Auch Insekten gehören zum Ökosystem
Trotz allem, was Kai Matuschewski über Parasiten-Wirt-Beziehungen weiß, haben für ihn weder Mücke noch Erreger Monster-Status. Seinen Kindern, drei, zehn und elf Jahre alt, mit denen er mikroskopiert, vermittelt er die Faszination der vielfältigen Natur. „Jedes noch so lästige Insekt hat seinen Platz im Ökosystem“, betont er. „Das Tolle ist doch, zu sehen, wie gut unser Immunsystem funktioniert! Trotz des ständigen Kontaktes mit Erregern erkranken wir nur selten.“
Matuschewski zieht es nicht nur beruflich immer wieder nach Afrika. „Anfangs allein wegen der Natur. Nirgendwo sonst kann man sie so gut beobachten wie im äthiopischen Hochland, dem Regenwald Ugandas oder in der Savanne Malis.“ Kulturelle Vielfalt und Begeisterungsfähigkeit der Menschen faszinieren ihn inzwischen fast noch mehr. „Oft sind es die schönsten Erlebnisse, wenn man in einem Dorf strandet, weil der Bus zusammenbricht. Dann wird man für einen Abend Teil des Alltags dort.“ Er kennt die Probleme und Ungerechtigkeiten vor Ort. „Daher auch mein großer Wunsch, als Wissenschaftler zu innovativen Wegen bei der Malaria-Kontrolle beizutragen.“
Auch in Deutschland gibt es jährlich 500 bis 1000 Malariainfektionen, meist mitgebracht von Urlaubern, die „das mit der Prophylaxe“ nicht so eng sahen. Zu viele – aber für die Erforschung der Tropenkrankheit längst nicht genug. „Letztlich geht es um praktikable Ansätze gegen Malaria. Auch deshalb sind für uns Kooperationen vor Ort auf Augenhöhe so wichtig.“ Derzeit baut Kai Matuschewski eine solche mit dem Kemri- Wellcome-Trust im kenianischen Kilifi auf. Ein renommiertes , exzellent ausgestattetes Institut, an dem auch Mitarbeiter vom MPI im Rahmen von Doktorarbeiten Patientenblut untersuchen. In den nächsten Jahren wird sich zeigen, ob das menschliche Immunsystem durch Antibiotika genauso dauerhaft aufgestachelt werden kann wie das der Maus. Die Chancen stehen nicht schlecht.

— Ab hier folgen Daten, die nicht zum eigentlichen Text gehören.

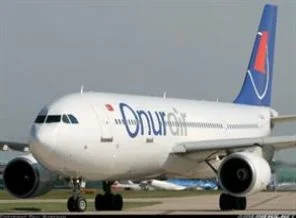 Trabzon'a giden uçağın motoru alev aldı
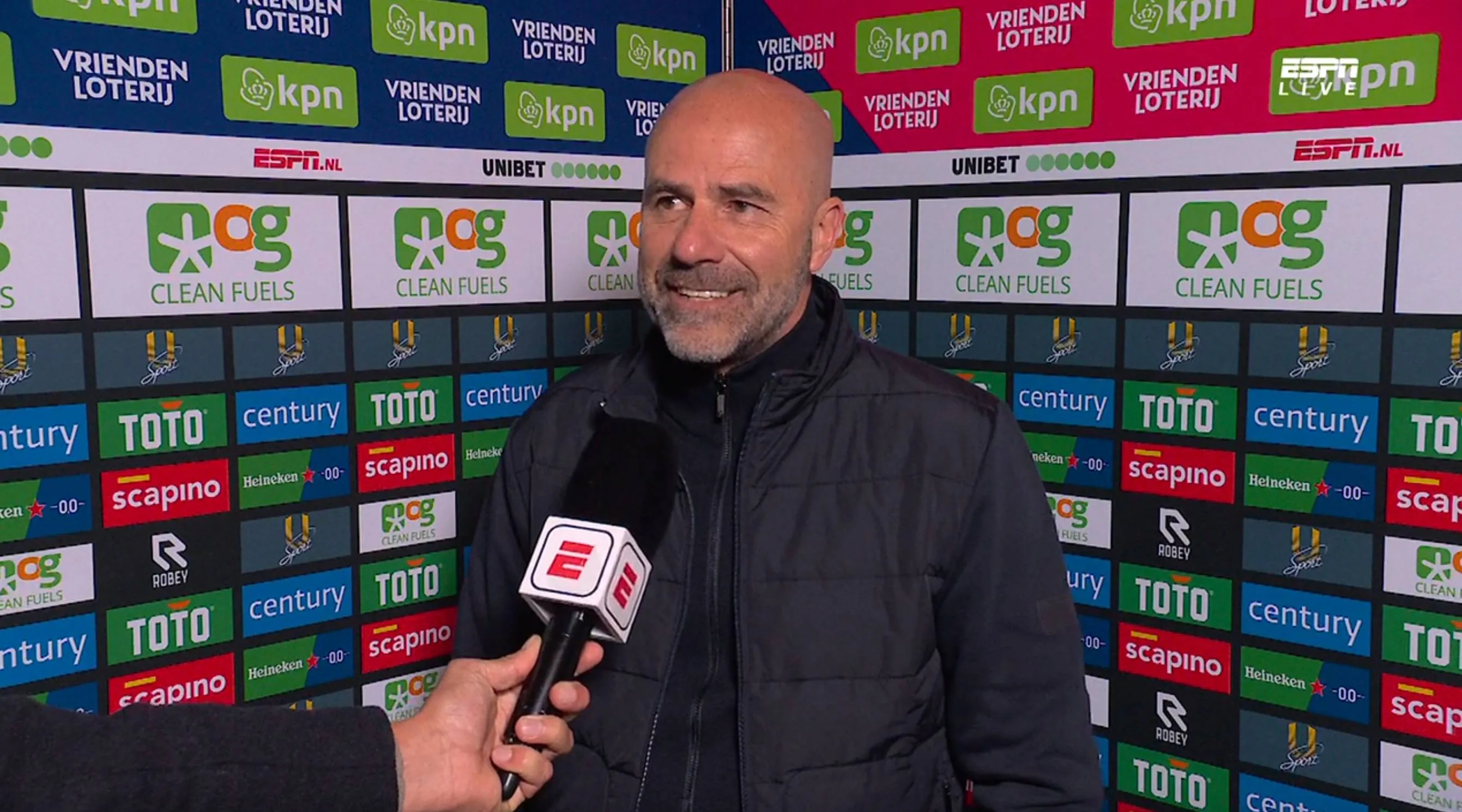 Bosz lacht na overwinning PSV: 'Mijn moeder heeft bijna altijd gelijk'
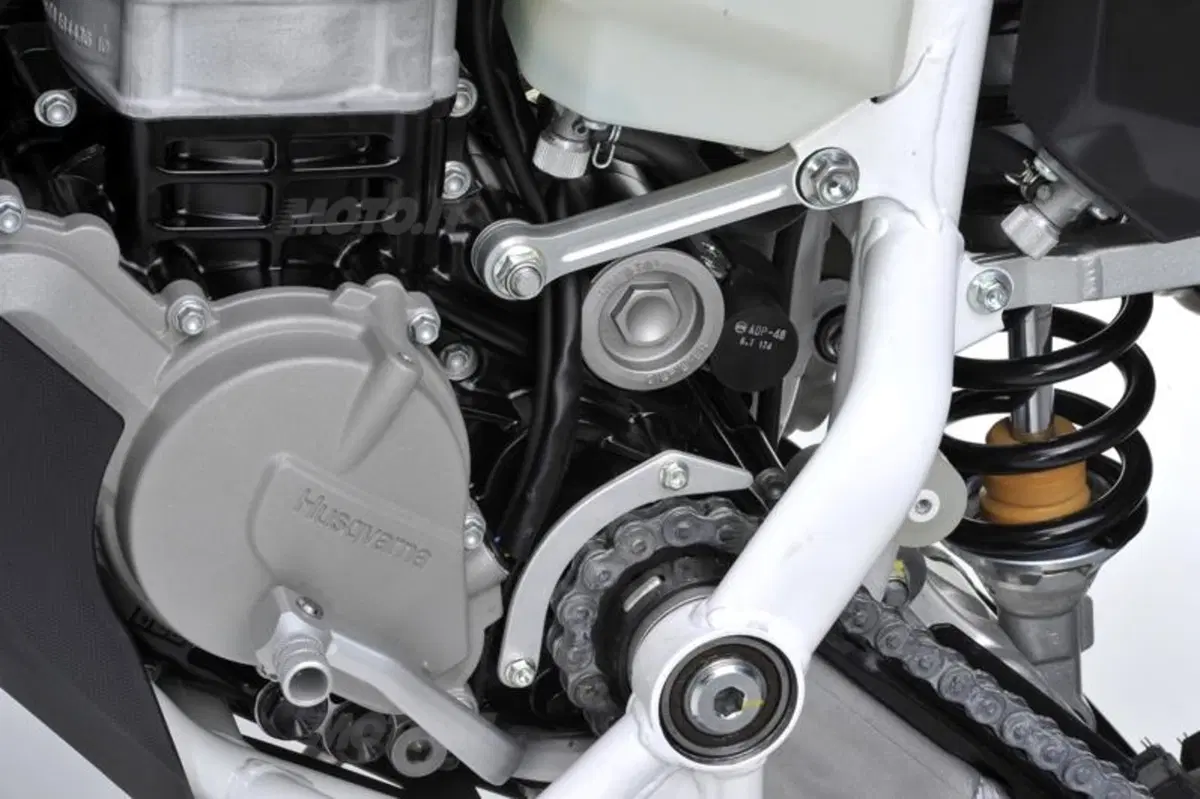 Le nuove Husqvarna TE449, TE511 e TC449 (5)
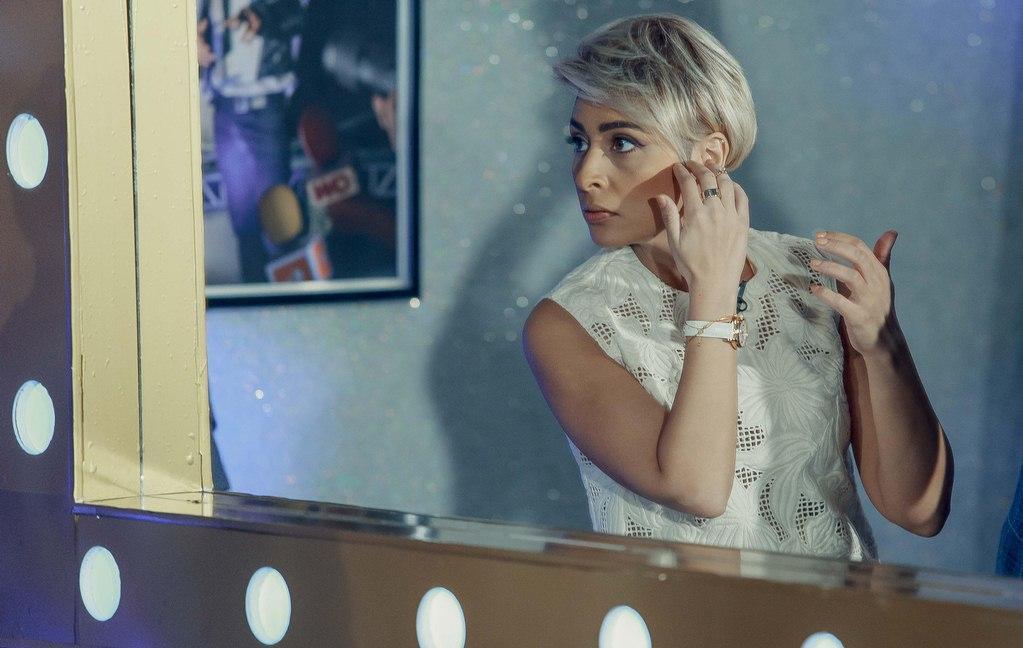 Лев ушел из дома и ... пришел к азербайджанским ведущим (ФОТО, ВИДЕО)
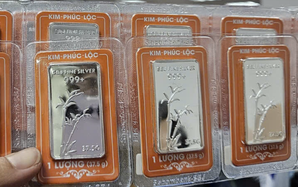 Giá bạc hôm nay 15-11 giảm rất mạnh, giới đầu tư "sốc nặng"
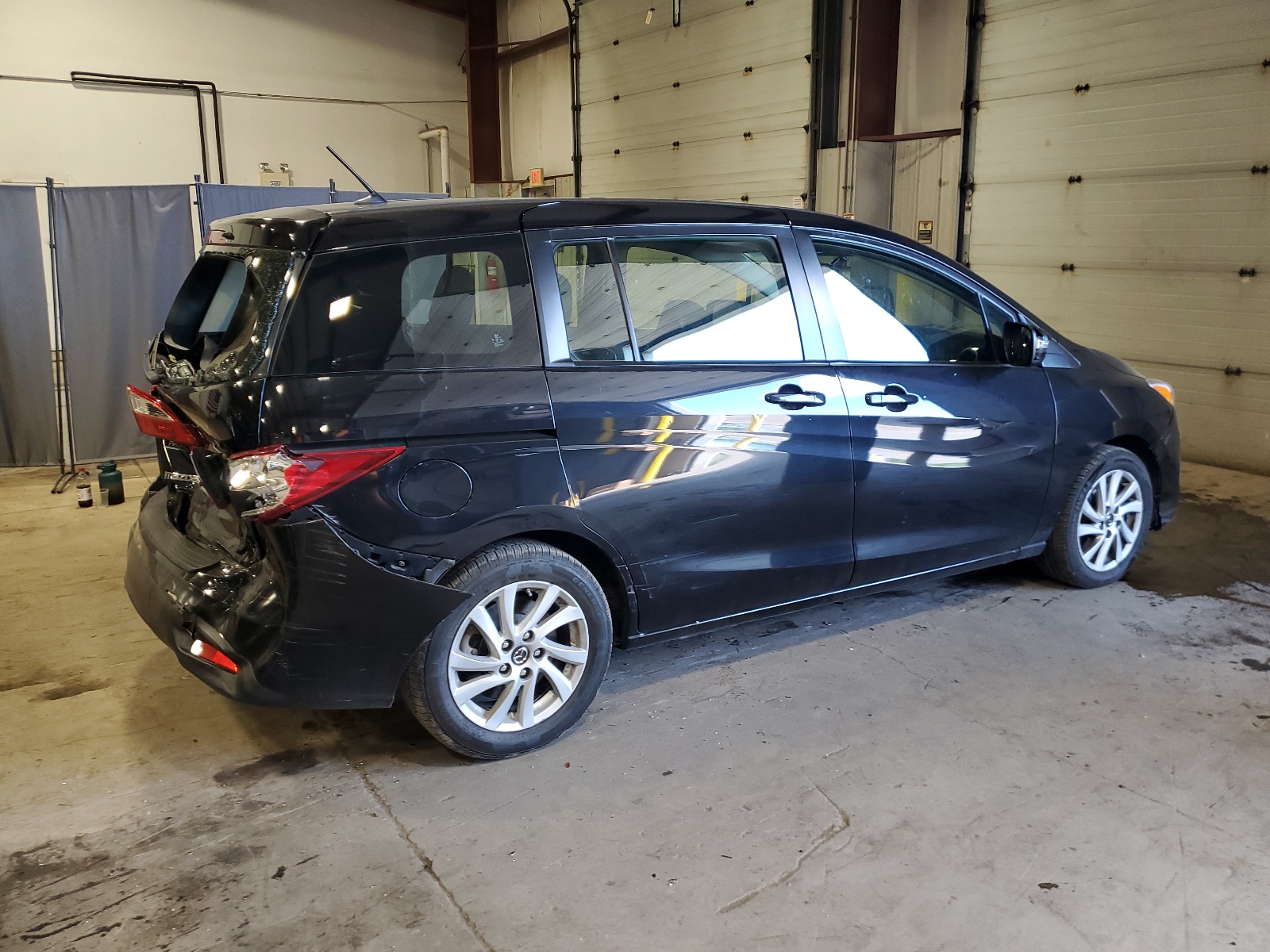 JM1CW2BLXD0160214 2013 Mazda 5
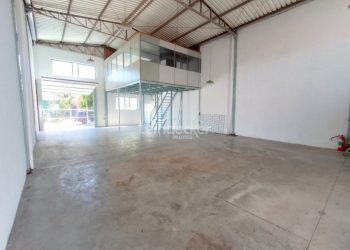 Pavilhão à venda com 237m², 2 vagas no bairro Sarandi em Porto Alegre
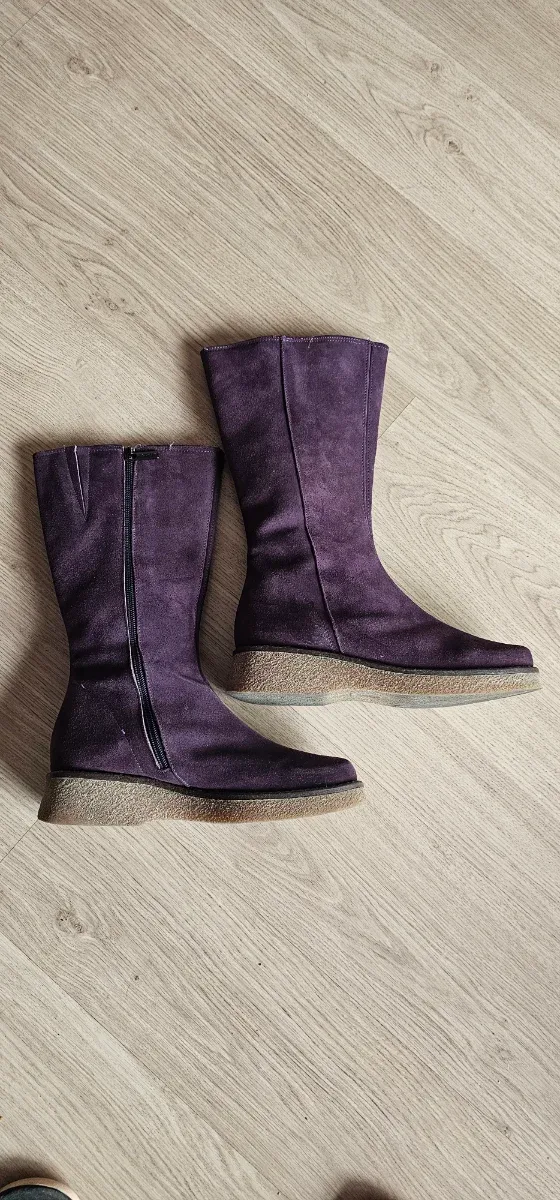Botas ante moradas talla 39
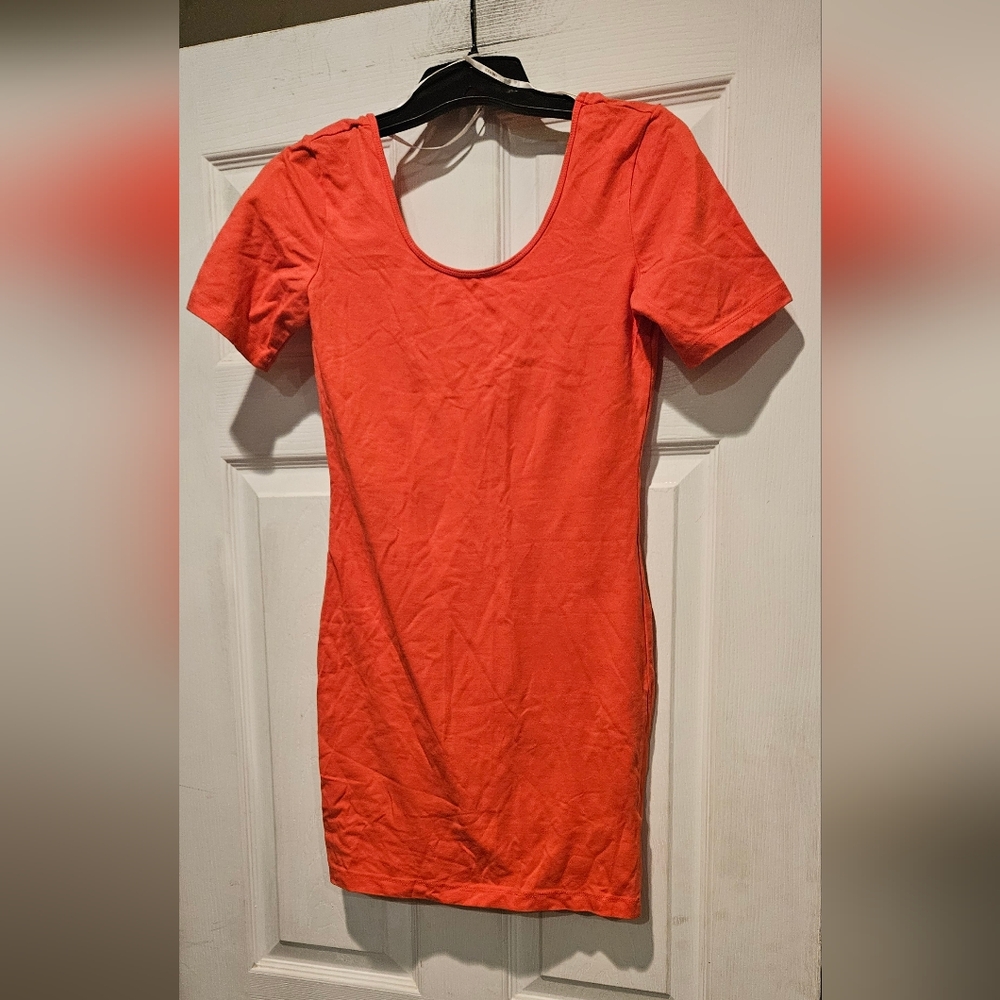 FOREVER 21 MINI DRESS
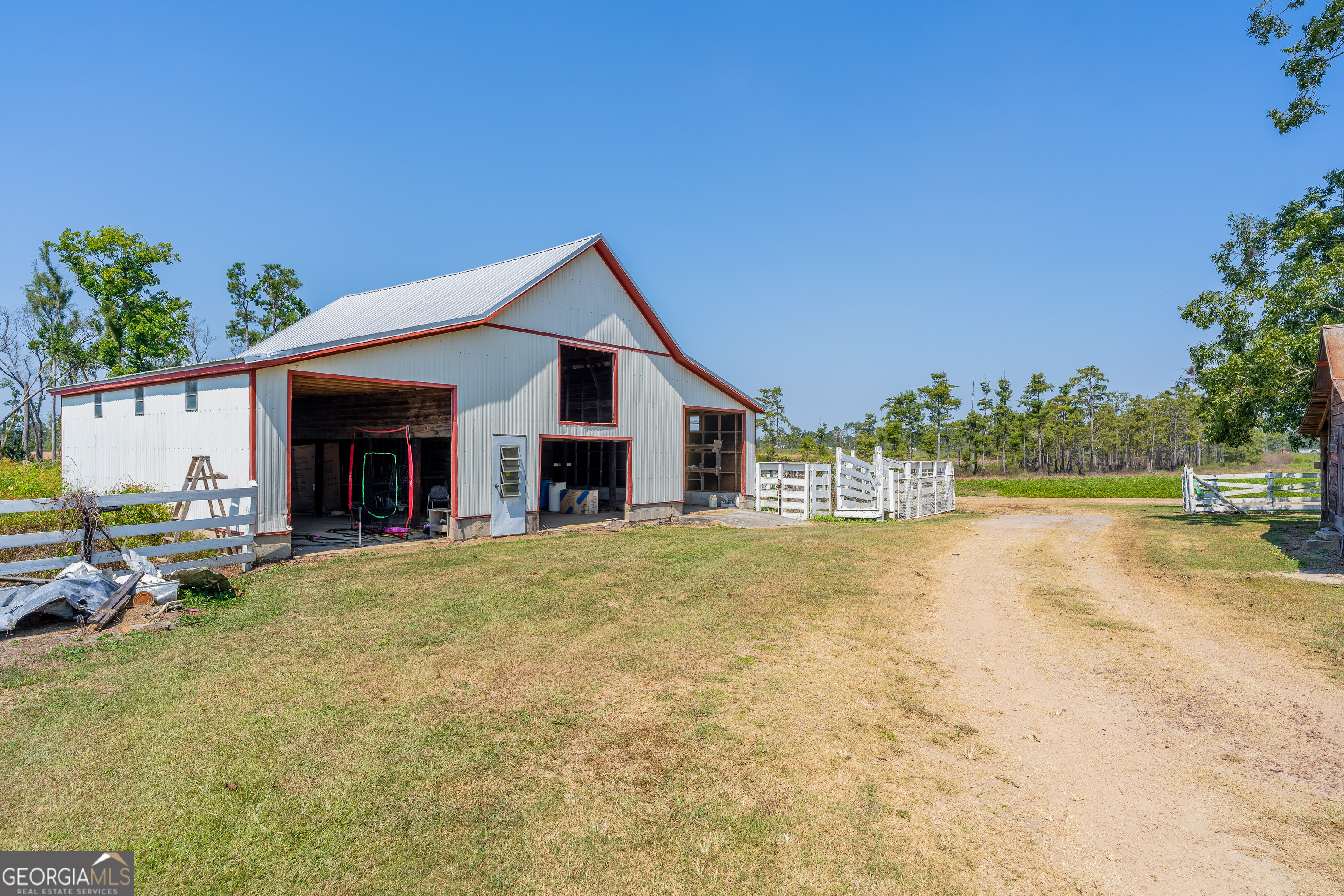 1671 Warren Carter Road Douglas GA 31533
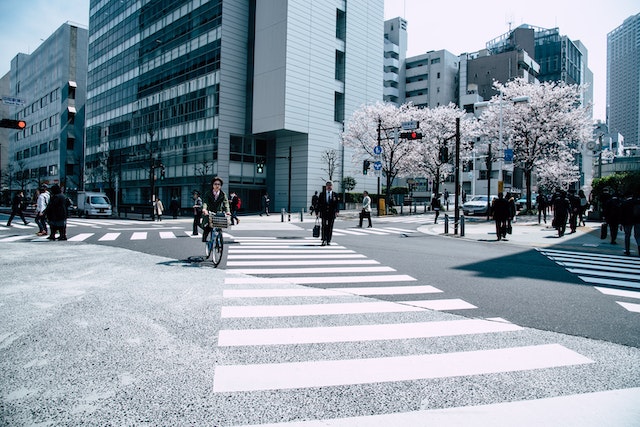 丰都为何勤工俭学对在日本的留学生的职业生涯至关重要？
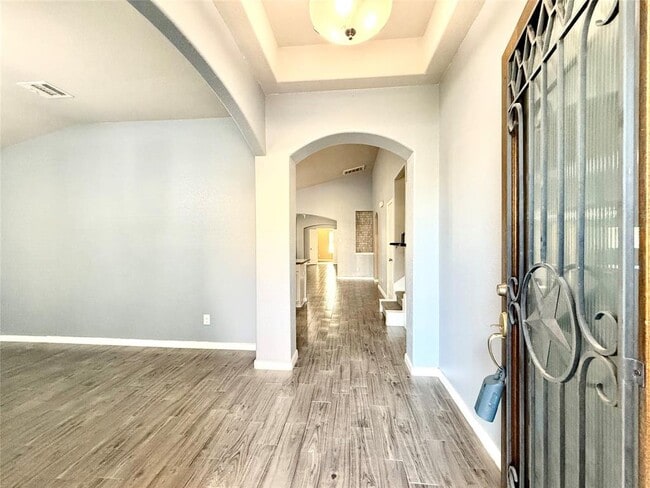 Building Photo - 7403 Cypress Pin Oak Dr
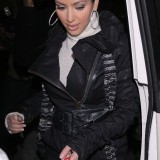 Kim-Kardashian---Leaving-Mr-Chows-Restaurant-26th-Dec-01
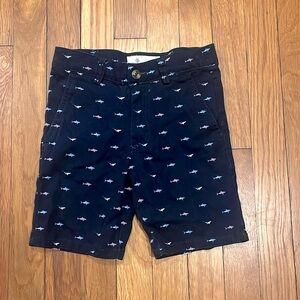 Adorable boys shark print khaki shorts in navy blue size 4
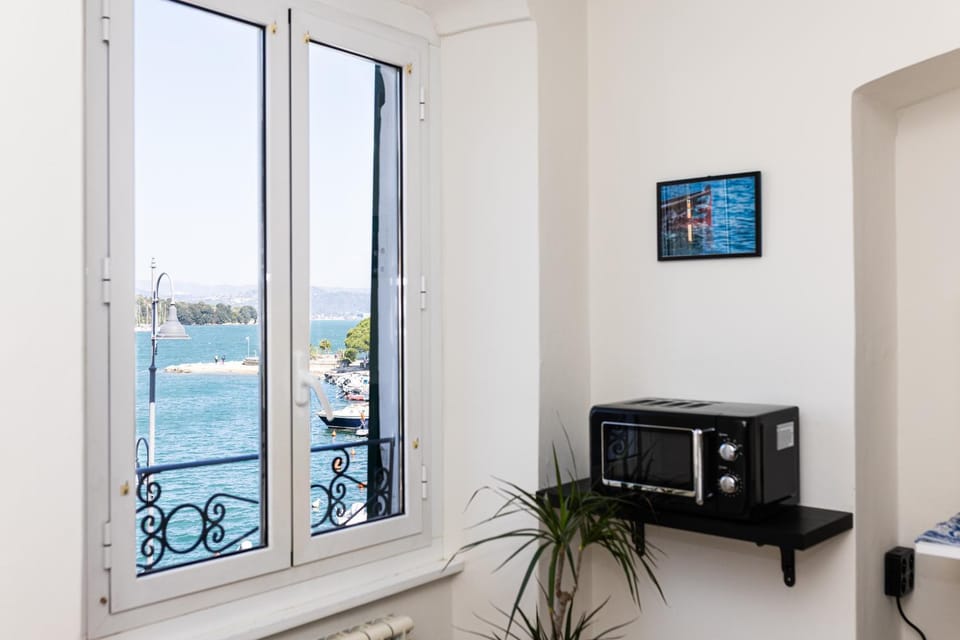 Ria Apartment Bed and Breakfast in Province of Massa and Carrara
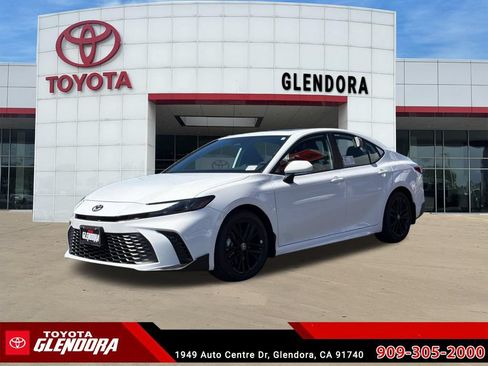 New 2026 Toyota Camry SE FWD image 5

Letzte Frage: Warum führt Plasmodium ein so extravagantes Leben? Kai Matuschewski lacht. „Im Vergleich zu Bakterien und Viren haben Parasiten sehr lange Generationszeiten. Also müssen sie pfiffig sein.“ Aber auch der Pfiffigste hat eine Schwachstelle. Und die muss man kennen, um ihn zu Fall zu bringen.
Glossar
Apicoplast
Organell bakteriellen Ursprungs. Er ist wahrscheinlich wie die Chloroplasten der Pflanzen durch Endosymbiose eines Bakteriums entstanden und deshalb empfindlich für Antibiotika und Herbizide. Viele einzellige Parasiten (Apicomplexa) benötigen den Apicoplast für die Infektion von Wirtszellen, etwa die Erreger von Toxoplasmose und Malaria.
Generationswechsel
Lebenszyklus mit geschlechtlicher und ungeschlechtlicher Vermehrung. Dabei werden die Vorteile beider Fortpflanzungsarten kombiniert: Durchmischung des Genpools und Erzeugung vieler Nachkommen. Organismen mit Generationswechsel sind etwa Korallen, Blattläuse, Wasserflöhe, Moose, Farne und Samenpflanzen. Bei vielen Parasiten geht der Generationswechsel mit einem Wirtswechsel einher.